La Federación Inglesa castigó recientemente a Chelsea con una multa de 10 millones de libras y una prohibición de fichar suspendida, después de que el club admitiera 74 vulneraciones de las normas financieras. Los hechos se produjeron entre 2011 y 2018 y estuvieron relacionados con pagos irregulares a intermediarios no registrados en operaciones de mercado.
La actual propiedad de Chelsea detectó y comunicó las irregularidades después de adquirir la entidad en 2022. Entre los fichajes vinculados al caso aparecen Eden Hazard, David Luiz y Nemanja Matic, futbolistas importantes en el equipo que Antonio Conte condujo al título liguero en la temporada 2016-17.
Pochettino reclama el título para Tottenham
Aquel Tottenham acabó segundo, a siete puntos de Chelsea, aunque firmó los mejores registros ofensivos y defensivos de la competición y fue el conjunto con menos derrotas. Para Pochettino, que dirigía al equipo londinense entonces, esos datos adquieren otra dimensión tras la admisión de las infracciones por parte de su rival.
“He dicho que deberíamos tener un título de Premier League. Tendrían que habérnoslo concedido”, afirmó el entrenador. “Si todo eso ocurrió, merecemos ser campeones de ese año porque terminamos segundos”.
El argentino remarcó que el castigo reconoce la falta, pero no compensa las consecuencias deportivas de haber afrontado el curso con distintos márgenes de actuación. “Ellos fueron sancionados y lo admitieron, ¿y ya está? El título tendría que ser para el equipo que acabó segundo. No jugamos con las mismas reglas”, argumentó.
Pochettino aceptó que Chelsea ganó partidos y marcó más goles en la carrera por el campeonato, pero insistió en que el punto de partida no fue equivalente. Según su reflexión, Tottenham pudo haber reforzado su plantilla de otra manera bajo un marco financiero idéntico, con la posibilidad de incorporar jugadores capaces de elevar el nivel del equipo o decidir encuentros.
“No es una queja mía, es la verdad”, señaló. El entrenador incluso comparó el escenario con un partido en el que un club tuviera que respetar el fuera de juego o utilizar el VAR y otro no: “Las reglas y la capacidad para construir el mejor equipo tienen que ser iguales para todos”.

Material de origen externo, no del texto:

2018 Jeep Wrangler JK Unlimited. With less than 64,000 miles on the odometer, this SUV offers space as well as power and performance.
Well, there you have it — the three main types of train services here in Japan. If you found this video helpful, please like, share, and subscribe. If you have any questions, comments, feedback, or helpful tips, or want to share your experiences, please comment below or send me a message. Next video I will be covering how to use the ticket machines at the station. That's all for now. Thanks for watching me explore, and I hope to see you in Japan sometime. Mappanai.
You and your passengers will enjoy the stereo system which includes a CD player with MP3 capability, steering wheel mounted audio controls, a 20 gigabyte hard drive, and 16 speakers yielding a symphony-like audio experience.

Sus declaraciones tienen un componente singular, ya que Pochettino fue entrenador de Chelsea durante la campaña 2023-24. El argentino admitió que su posición puede incomodar a parte de la afición blue, aunque aseguró que mantendría el mismo discurso si Tottenham hubiese sido el infractor. “Diría que no merecemos el título porque rompimos las reglas”, explicó.
El técnico también quiso separar la actuación deportiva del Chelsea de Conte de la cuestión institucional. Reconoció el mérito del preparador italiano y no cuestionó el rendimiento del campeón, pero defendió que una vulneración probada debe tener una respuesta que alcance al resultado competitivo: si se quebrantan las normas, afirmó, el trofeo debería pasar al siguiente clasificado.

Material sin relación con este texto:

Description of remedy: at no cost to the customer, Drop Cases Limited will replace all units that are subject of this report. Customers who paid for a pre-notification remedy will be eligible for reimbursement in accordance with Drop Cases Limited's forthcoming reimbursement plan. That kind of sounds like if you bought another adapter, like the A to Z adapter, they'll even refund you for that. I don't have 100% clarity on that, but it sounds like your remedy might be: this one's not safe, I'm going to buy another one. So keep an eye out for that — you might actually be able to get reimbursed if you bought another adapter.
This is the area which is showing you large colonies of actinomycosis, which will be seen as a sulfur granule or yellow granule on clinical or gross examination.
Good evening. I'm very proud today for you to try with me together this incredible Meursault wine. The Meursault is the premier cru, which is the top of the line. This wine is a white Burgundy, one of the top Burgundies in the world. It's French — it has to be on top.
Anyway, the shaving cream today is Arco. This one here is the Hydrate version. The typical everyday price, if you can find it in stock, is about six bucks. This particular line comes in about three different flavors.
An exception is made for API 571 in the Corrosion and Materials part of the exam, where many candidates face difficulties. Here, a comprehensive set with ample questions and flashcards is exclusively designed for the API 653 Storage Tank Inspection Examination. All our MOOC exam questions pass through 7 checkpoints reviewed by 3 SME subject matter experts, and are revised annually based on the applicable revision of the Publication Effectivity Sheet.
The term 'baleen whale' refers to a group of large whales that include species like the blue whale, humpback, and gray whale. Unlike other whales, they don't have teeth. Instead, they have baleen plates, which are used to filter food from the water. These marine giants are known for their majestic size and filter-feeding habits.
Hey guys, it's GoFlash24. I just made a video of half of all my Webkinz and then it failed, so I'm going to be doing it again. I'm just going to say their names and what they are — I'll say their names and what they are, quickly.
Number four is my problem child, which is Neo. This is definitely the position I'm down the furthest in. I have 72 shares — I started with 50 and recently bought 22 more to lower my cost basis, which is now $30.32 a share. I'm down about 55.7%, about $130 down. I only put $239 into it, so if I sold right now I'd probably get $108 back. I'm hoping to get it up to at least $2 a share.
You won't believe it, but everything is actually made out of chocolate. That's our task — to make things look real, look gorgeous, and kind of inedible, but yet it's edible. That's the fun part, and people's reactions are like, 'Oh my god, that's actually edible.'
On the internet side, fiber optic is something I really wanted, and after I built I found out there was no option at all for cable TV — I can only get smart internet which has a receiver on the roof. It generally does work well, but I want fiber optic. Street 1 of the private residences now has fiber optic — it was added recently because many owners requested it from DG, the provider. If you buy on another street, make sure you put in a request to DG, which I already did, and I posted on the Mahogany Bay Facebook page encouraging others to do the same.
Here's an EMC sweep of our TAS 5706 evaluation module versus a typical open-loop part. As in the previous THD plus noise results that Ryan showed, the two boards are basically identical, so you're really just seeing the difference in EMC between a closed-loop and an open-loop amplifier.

Pochettino advirtió además de que sanciones sin un fuerte impacto deportivo pueden enviar un mensaje equivocado al fútbol inglés. En su opinión, una penalización insuficiente termina incentivando el incumplimiento, especialmente cuando un club puede obtener ventajas decisivas antes de afrontar sus consecuencias. El argentino recordó que dejó el Tottenham en 2019 tras varios años peleando contra equipos que, según entiende, operaban bajo parámetros distintos.

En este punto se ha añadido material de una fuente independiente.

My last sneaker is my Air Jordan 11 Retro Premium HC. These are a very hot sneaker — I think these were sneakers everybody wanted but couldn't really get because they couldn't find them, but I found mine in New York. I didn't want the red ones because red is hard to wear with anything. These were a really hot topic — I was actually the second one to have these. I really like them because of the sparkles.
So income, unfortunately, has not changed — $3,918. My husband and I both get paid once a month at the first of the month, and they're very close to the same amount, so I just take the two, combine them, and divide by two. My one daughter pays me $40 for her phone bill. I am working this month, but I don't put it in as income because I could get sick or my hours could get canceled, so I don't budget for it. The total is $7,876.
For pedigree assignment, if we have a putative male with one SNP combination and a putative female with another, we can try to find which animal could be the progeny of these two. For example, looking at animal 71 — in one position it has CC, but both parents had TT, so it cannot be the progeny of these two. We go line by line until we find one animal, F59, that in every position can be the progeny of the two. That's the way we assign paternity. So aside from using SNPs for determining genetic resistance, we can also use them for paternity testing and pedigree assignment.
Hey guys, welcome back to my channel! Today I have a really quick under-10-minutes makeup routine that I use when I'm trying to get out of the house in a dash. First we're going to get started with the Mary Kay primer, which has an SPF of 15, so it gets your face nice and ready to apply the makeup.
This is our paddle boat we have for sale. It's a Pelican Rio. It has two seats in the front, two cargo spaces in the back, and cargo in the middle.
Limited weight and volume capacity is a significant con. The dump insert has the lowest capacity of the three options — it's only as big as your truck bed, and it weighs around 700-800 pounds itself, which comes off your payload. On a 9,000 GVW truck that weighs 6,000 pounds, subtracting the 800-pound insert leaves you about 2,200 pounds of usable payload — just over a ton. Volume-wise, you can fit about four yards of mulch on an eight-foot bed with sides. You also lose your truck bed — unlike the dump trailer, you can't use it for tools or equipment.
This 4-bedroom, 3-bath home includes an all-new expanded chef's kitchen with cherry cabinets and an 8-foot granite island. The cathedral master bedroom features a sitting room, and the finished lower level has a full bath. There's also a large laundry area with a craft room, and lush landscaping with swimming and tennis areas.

La retirada retroactiva de grandes títulos no ha sido una práctica habitual en Inglaterra en casos de irregularidades financieras; en tiempos recientes, las autoridades han optado principalmente por deducciones de puntos. Por ello, una modificación del campeón de la Premier League 2016-17 parece muy improbable. Sin embargo, el reclamo de Pochettino reabre el debate sobre la integridad de la competición, el alcance de las sanciones y el control financiero sobre los clubes más poderosos.